Des projections en milieu scolaire et à l’Institut Français en Haïti.

Des Collèges comme Georges Marc, Maranatha, COPERNIC et le Lycée des Jeunes Filles ont reçu leur dose dans cette invitation à comprendre le présent à travers des projections qui ressassent le passé. Le film « 1964, simityè kamoken » de Rachèle Magloire projeté au collège COPERNIC le 6 décembre, et « Haïti, le silence des chiens » de Raoul Peck à l’Institut Français le même jour, un court-métrage qui d’après le synopsis met en scène deux visions du monde opposées sur fond de répression et de marchandage diplomatique. « Dès le début, notre objectif a toujours été d’éduquer les gens », rappelle celui qui a taillé le programme. « Nous voulons faire savoir au public qu’il y a des films intéressants qui ont été réalisés par des Haïtiens et des films documentaires sur Haïti réalisés par des étrangers » affirme-t-il.
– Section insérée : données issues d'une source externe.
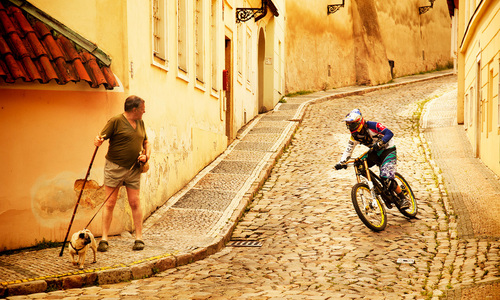 Test cyklistických helem: bezpečnost především!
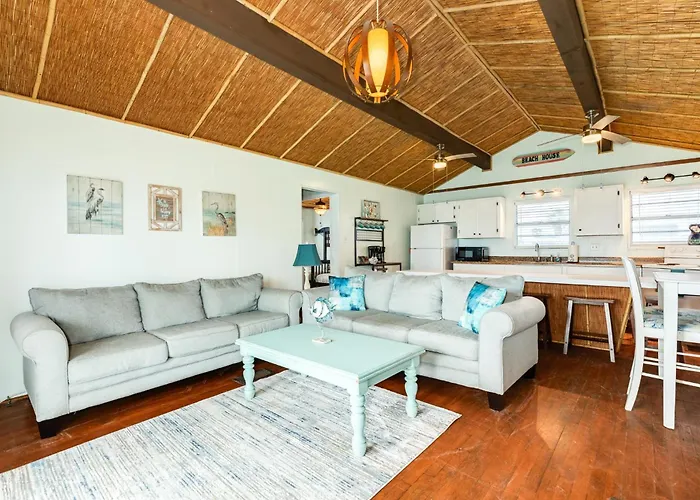 Walk To Ocean: Coastal Surfside Beach Bungalow!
Le festival des rencontres du documentaire en Haïti promet et sait s’adapter en fonction du contexte socio-politique, comme il a toujours fait depuis sa création. Cette année, « dans les camps » est initié non seulement pour pointer du doigt la situation d’exil des déplacés, mais aussi pour pallier les défis liés au déplacement dans les quartiers barricadés où habituellement le festival rencontre les habitants dans leur propre demeure.

La 5e édition des rencontres du documentaire s’est réinventée en plongeant les festivaliers dans une expérience démocratique de liberté de penser d’eux-mêmes en rapport aux faits qui ne sont pas sans conséquences sur le devenir individuel et collectif. Le thème de l’exil est un rappel du passé pour prendre conscience du présent et questionner l’avenir.